Katherine Wynn
Katherine Wynn, a senior Music Performance major, will present a research paper that explores Princess Zinaida Aleksandrovna Volkonskaya, a 19th century female opera composer, at the “Women in Music” conference at Hobart and William Smith Colleges in Geneva, NY, on Saturday, March 9.
In her presentation, “God and the Holy Maiden be With You!” – about Princess Zinaida Volkonskaya and her 1821 opera,” Giovanna D’Arco,” – Ms. Wynn will analyze the structure and composition of a single aria from the opera, “Per Queste Amare Lagrime,” and explore the composer’s unique musical style.

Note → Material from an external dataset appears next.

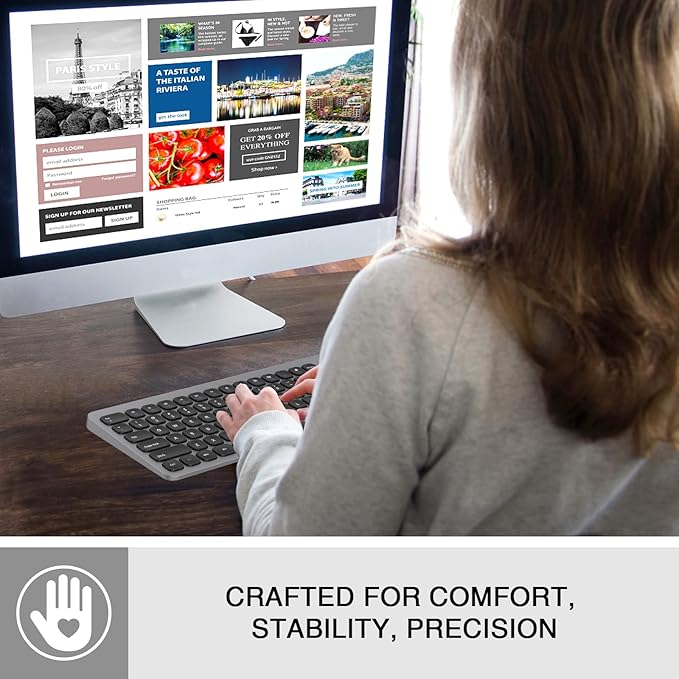 cimetech 2.4GHz Wireless Keyboard with Number Pad Full Size Design for Laptop Desktop PC Tablet, Windows iOS Android - Grey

Volkonskaya wrote and premiered “Giovanna D’Arco,” a work Wynn says reveals much about her views on Western European art, religion and the role of powerful women. But it was performed only once, and Volkonskaya had the title role.
Wynn transcribed the aria from the manuscript of a work that’s not believed to have been performed since the composer’s death. A cellist who also sings, from Whitesboro, NY, Wynn will play a small excerpt of the aria on MIDI Keyboard Software in her presentation.
After years of internal conflict, Volkonskaya, an influential 19th century salon hostess as well as a composer and performer, would convert to Roman Catholicism and move to Rome, Wynn learned. She ultimately chose the West – Rome over Moscow, Pope over Patriarch, and blue skies over the snows of her home, she noted.
Wynn was motivated to learn about Volkonskaya, an unconventional member of the post-Napoleonic Russian aristocracy, while enrolled in MUS 455: The Romantic Period in Music. That course inspired Wynn to learn more about female composers during the Romantic period, roughly the 19th century. She also received valuable guidance from two musicology faculty, SUNY Distinguished Professor James Davis and Professor Michael Markham, who encouraged her to continue research into Volkonskaya as an independent project.
“What intrigued me was seeing a woman in the 19th century writing operas and there was no open discussion of them and nothing about them had been written,” Wynn said. “From all accounts that we know, she sang the title role herself; that sort of threw me into it.”
Wynn learned through Dr. Davis that organizers of the conference were particularly seeking undergraduate speakers who have done research outside of the classroom. “At the time I was doing applications for graduate programs, so I had everything ready, so I decided to submit,” she said. Wynn plans to continue Volkonskaya research after graduating from SUNY Fredonia in May.
Surprisingly, Wynn had no difficulty obtaining images of the composer to include in her PowerPoint. “She was a very wealthy aristocrat, so there were a lot of paintings of her,” she noted.
Wynn plans to attend the conference keynote address, “Japanese Women at Work & Play: Sonic (Re)creations,” by Roger Moseley, and a concert, “Femmages: Five Centuries of Keyboard Music by Women Composers.”
Wynn is a graduate of Whitesboro (NY) High School.